Ask where a GPU spends its energy and the answer is counterintuitive: almost none of it on arithmetic. A fused multiply-accumulate — the fundamental operation of every neural network — costs a fraction of a picojoule. Fetching the weight that the operation needs costs several times more, because that weight lives in an HBM stack, and reaching it means a round trip out of the DRAM array, across an interposer, through a memory controller, and back. The math is nearly free. The commute is everything.
At large batch sizes you can hide the commute by amortizing each weight fetch across many operations. At batch one — the regime that governs interactive inference, the chatbot waiting on your next token — you cannot. Every generated token must stream the entire model out of memory exactly once. That is why an HBM-bound flagship decodes an 80-billion-parameter model at roughly 110 tokens per second: not because it lacks compute, but because it is waiting on a few centimeters of package, over and over, billions of times an hour.

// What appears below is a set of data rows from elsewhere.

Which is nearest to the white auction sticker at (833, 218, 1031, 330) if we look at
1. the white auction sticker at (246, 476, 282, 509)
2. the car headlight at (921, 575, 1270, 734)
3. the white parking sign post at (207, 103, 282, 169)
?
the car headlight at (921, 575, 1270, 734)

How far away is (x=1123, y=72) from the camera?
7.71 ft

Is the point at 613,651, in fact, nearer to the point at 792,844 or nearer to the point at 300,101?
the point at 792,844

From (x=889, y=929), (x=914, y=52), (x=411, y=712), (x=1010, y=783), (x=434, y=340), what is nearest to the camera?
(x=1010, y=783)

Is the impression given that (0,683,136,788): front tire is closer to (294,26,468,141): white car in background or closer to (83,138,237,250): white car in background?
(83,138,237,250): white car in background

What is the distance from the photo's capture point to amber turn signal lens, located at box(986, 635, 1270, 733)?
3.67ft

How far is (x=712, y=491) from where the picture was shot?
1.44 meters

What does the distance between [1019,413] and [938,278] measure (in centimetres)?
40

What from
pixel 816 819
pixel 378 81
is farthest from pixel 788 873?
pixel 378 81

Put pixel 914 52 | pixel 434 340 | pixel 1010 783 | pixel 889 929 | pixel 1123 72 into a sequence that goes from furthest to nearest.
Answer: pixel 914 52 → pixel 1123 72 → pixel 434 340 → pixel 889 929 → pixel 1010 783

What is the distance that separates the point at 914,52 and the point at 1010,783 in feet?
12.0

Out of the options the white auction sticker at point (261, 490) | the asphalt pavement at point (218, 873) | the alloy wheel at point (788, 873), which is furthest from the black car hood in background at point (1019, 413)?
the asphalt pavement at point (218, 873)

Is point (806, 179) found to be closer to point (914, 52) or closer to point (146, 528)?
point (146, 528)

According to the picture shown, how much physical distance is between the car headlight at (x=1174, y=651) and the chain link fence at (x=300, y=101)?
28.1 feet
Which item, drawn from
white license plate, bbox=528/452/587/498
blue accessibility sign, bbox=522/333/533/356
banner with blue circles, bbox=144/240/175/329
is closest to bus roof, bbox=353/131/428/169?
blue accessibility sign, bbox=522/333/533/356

Shorten the wire, don't widen the pipe
Every generation of HBM answers this the same way — wider pipe: more stacks, more channels, more bandwidth per pin. Sophon answers it by deleting the distance. When the weight is stored in a 2T0C cell a few hundred nanometers above the MAC that consumes it, the fetch is a single vertical hop through a monolithic inter-tier via. The whole journey is shorter than a wavelength of visible light. A read costs femtojoules; a gradient write lands at 20 fJ per bit; an FP8 multiply-accumulate completes at 0.310 picojoules all-in. Bandwidth stops being a budgeted, fought-over resource and becomes a simple property of where the data sits: 4.2 PB/s in-tile, with nothing ever crossing a package.
The memory wall was never a memory problem. It was always a distance problem — and distance is exactly what monolithic 3D removes.

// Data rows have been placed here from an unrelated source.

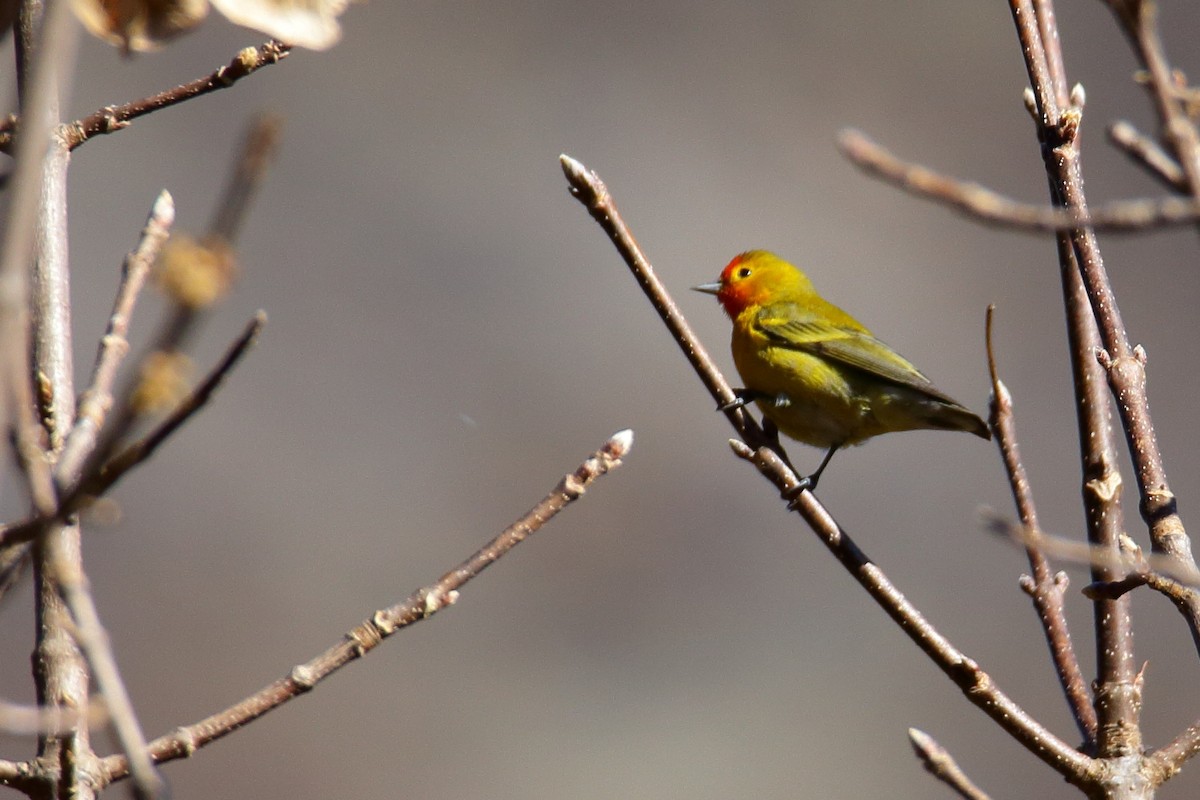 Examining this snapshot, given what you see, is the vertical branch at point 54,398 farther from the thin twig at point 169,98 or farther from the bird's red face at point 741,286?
the bird's red face at point 741,286

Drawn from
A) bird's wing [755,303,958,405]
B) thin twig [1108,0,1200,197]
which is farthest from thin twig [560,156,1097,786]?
bird's wing [755,303,958,405]

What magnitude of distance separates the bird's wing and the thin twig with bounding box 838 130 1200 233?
111 inches

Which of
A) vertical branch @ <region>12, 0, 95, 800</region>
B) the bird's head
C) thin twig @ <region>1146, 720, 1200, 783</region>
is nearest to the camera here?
vertical branch @ <region>12, 0, 95, 800</region>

PhantaField Architecture Team
The clearest place to see the difference is energy per token. Sophon spends 16.3 millijoules to decode a token of that 80B model; an HBM-bound part spends on the order of 6.4 joules at low batch — a roughly 390× gap. No incremental HBM generation closes a gap like that, because the gap is not about how fast memory runs. It is about how far the data has to travel to reach the math. We built the entire architecture around making that distance as close to zero as physics allows.